§ **Task statement**
Leaving out the pictures, print exactly the lines from the one holding "May include: A" to the last line of the entries below, both included, and nothing more.

§ **Exercise input**
______

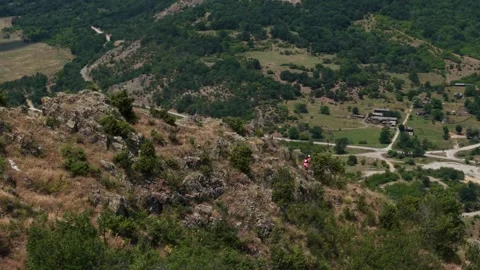 Pro runner climbing down a mountain 3 from drone Stock Footage 317237672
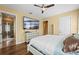 Main bedroom with king bed, en-suite bathroom access, and hardwood floors at 610 Celebration Ave # 1209, Celebration, FL 34747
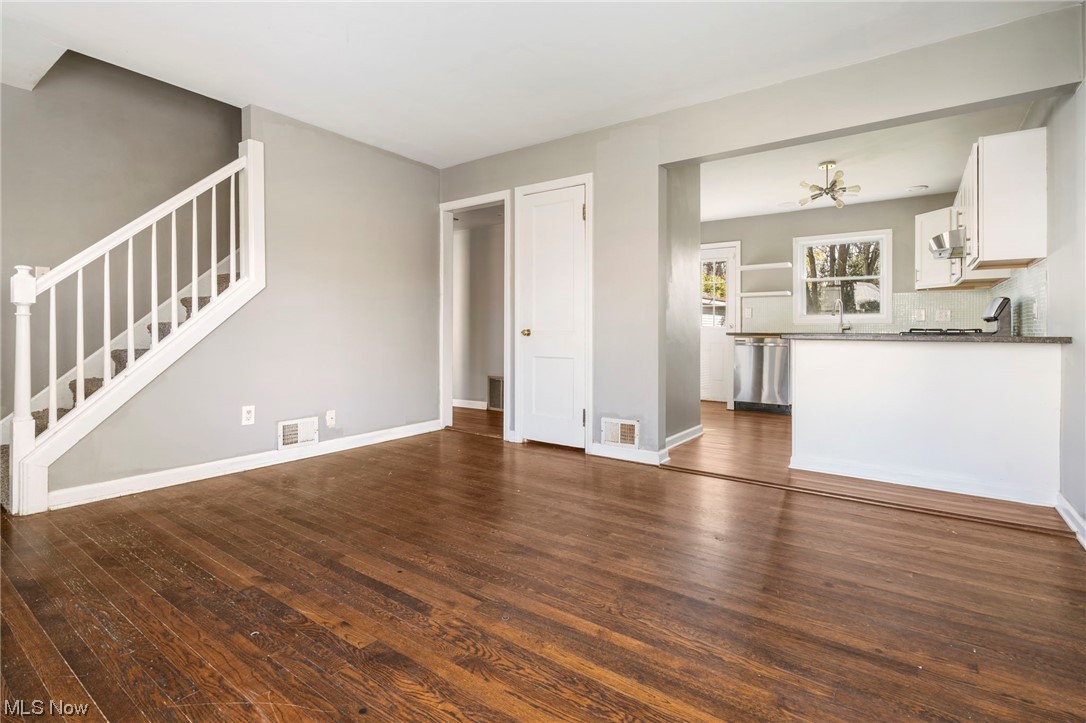 1612 Garman Road Akron, OH 44313 - Photo 7 of 18 Unfurnished living room with dark hardwood / wood-style flooring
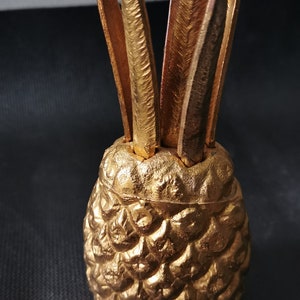 May include: A gold pineapple-shaped toothpick holder with a textured surface. The holder has a set of toothpicks sticking out of the top.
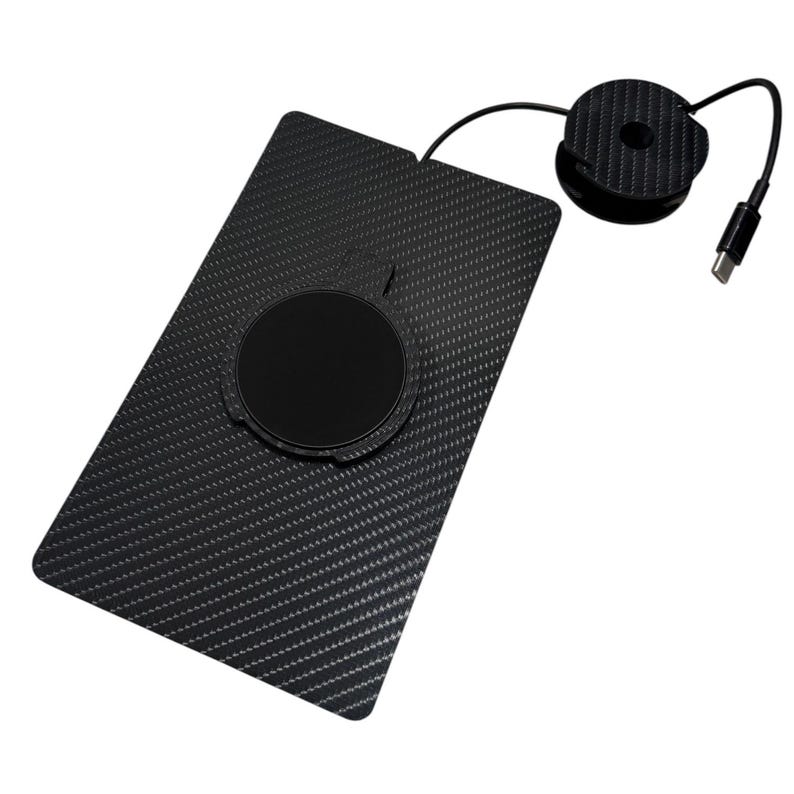 Puede incluir: Una base de carga inal&aacute;mbrica rectangular negra con textura de fibra de carbono y un centro magn&eacute;tico circular. Un cable negro fino se extiende desde el borde superior hasta una bobina circular con un conector USB-C de dise&ntilde;o oscuro.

______

§ **Response to this exercise**
 May include: A gold pineapple-shaped toothpick holder with a textured surface. The holder has a set of toothpicks sticking out of the top.
 Puede incluir: Una base de carga inal&aacute;mbrica rectangular negra con textura de fibra de carbono y un centro magn&eacute;tico circular. Un cable negro fino se extiende desde el borde superior hasta una bobina circular con un conector USB-C de dise&ntilde;o oscuro.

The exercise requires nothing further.